:: Action item ::
Reproduce exactly the lines below from the one containing "Close Up Of" through the one containing "Giấy Dán Bể", including both, and nothing else.

#### Records ####

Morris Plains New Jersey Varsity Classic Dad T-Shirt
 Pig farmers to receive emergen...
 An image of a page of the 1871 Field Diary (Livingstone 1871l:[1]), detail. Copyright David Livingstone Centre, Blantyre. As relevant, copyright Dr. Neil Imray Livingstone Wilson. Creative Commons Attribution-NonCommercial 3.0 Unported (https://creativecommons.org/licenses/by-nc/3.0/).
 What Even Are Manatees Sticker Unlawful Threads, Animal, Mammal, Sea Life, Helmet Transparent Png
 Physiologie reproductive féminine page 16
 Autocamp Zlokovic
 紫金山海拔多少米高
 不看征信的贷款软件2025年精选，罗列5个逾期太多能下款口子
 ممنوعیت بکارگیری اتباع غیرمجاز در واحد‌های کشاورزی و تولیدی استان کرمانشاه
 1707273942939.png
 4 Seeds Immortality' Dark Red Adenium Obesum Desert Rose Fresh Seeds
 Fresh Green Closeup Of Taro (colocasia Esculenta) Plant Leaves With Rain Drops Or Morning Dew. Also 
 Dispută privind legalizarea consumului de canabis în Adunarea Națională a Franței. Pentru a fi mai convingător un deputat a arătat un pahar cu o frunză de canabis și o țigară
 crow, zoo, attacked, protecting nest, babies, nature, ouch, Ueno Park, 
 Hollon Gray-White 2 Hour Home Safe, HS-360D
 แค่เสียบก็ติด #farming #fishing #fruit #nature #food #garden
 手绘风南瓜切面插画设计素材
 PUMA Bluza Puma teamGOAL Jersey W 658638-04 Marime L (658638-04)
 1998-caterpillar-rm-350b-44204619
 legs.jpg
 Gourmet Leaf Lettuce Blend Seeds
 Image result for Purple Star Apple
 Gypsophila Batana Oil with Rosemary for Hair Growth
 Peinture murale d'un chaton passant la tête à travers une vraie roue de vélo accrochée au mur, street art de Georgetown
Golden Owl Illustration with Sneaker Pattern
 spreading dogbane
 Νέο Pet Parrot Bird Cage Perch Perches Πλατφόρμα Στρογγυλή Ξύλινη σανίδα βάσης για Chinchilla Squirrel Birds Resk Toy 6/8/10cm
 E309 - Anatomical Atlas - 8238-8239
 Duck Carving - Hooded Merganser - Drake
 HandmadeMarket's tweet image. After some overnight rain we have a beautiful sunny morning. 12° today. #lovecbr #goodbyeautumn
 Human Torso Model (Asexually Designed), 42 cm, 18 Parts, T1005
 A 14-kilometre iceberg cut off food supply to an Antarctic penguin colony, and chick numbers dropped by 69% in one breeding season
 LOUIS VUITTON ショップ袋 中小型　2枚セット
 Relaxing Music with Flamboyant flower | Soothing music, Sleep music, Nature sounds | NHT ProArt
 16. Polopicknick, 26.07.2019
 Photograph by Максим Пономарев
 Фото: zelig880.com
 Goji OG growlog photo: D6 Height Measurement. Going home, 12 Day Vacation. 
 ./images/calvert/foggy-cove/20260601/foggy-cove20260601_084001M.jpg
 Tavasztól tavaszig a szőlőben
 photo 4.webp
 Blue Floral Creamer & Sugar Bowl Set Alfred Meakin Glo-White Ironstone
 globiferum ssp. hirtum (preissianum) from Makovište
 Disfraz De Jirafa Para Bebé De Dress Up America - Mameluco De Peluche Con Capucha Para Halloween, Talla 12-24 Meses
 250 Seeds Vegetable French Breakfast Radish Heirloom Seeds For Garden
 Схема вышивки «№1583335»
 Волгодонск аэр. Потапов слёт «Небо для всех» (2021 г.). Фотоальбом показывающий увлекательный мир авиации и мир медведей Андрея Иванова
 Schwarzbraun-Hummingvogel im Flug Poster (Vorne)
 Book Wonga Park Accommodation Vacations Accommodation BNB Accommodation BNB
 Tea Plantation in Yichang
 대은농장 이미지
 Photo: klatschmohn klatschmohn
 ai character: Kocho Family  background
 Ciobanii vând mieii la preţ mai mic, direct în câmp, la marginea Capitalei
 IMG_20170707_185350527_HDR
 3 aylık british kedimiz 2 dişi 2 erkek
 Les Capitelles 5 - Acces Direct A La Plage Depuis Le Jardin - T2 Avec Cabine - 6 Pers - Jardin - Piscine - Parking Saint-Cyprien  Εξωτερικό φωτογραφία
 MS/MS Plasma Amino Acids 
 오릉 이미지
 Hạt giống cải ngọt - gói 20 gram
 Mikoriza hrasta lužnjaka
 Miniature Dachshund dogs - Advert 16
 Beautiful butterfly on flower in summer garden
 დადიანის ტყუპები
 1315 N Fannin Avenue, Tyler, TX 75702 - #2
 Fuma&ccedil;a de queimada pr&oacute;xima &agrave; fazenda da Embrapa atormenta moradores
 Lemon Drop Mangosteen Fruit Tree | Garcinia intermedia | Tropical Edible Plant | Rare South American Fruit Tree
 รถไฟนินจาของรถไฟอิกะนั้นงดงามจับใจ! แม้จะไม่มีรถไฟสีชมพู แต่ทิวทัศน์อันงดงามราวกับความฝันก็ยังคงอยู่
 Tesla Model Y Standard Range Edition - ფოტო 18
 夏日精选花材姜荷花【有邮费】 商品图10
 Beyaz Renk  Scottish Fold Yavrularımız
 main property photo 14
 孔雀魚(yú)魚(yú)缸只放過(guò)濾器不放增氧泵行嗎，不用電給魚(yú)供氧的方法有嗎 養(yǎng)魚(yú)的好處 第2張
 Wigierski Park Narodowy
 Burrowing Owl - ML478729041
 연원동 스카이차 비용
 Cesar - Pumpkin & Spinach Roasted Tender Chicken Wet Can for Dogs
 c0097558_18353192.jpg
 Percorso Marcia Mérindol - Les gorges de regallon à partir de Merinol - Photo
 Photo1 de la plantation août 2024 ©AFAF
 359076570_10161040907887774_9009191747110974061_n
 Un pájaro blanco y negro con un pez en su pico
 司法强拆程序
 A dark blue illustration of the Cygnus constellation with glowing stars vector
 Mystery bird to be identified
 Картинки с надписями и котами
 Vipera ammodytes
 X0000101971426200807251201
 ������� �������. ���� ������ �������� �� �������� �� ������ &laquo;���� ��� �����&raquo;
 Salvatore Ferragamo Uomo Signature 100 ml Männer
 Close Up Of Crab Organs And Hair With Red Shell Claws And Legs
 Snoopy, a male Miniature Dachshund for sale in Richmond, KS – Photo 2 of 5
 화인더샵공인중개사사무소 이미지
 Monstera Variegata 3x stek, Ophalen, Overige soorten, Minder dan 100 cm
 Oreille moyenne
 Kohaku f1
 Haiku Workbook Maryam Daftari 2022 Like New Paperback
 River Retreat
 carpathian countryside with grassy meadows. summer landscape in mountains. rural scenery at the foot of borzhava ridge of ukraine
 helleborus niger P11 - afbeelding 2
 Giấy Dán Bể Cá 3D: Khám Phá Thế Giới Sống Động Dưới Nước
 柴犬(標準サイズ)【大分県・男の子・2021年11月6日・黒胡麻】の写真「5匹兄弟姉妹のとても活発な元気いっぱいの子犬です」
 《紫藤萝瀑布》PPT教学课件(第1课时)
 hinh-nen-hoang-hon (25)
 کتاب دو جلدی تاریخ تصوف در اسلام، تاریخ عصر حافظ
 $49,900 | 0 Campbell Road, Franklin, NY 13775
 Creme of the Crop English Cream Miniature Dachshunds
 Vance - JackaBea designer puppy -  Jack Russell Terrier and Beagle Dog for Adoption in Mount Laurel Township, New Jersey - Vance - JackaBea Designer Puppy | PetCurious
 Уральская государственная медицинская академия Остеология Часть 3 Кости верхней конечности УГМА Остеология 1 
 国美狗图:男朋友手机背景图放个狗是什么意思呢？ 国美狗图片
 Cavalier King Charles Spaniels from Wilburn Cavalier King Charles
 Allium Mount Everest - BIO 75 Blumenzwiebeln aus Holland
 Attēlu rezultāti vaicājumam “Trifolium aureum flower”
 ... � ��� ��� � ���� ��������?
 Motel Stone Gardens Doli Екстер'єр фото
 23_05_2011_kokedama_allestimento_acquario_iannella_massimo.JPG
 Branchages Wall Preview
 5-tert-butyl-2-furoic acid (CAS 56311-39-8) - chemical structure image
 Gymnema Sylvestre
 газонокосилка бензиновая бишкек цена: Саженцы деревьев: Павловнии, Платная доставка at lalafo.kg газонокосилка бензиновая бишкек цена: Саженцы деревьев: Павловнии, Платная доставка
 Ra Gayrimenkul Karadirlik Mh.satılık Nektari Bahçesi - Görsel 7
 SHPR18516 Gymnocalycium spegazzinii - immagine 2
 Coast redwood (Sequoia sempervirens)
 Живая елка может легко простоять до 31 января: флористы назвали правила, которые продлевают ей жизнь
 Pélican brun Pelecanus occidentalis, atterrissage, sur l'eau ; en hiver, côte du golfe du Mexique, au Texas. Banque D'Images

####

:: Response to the exercise ::
 Close Up Of Crab Organs And Hair With Red Shell Claws And Legs
 Snoopy, a male Miniature Dachshund for sale in Richmond, KS – Photo 2 of 5
 화인더샵공인중개사사무소 이미지
 Monstera Variegata 3x stek, Ophalen, Overige soorten, Minder dan 100 cm
 Oreille moyenne
 Kohaku f1
 Haiku Workbook Maryam Daftari 2022 Like New Paperback
 River Retreat
 carpathian countryside with grassy meadows. summer landscape in mountains. rural scenery at the foot of borzhava ridge of ukraine
 helleborus niger P11 - afbeelding 2
 Giấy Dán Bể Cá 3D: Khám Phá Thế Giới Sống Động Dưới Nước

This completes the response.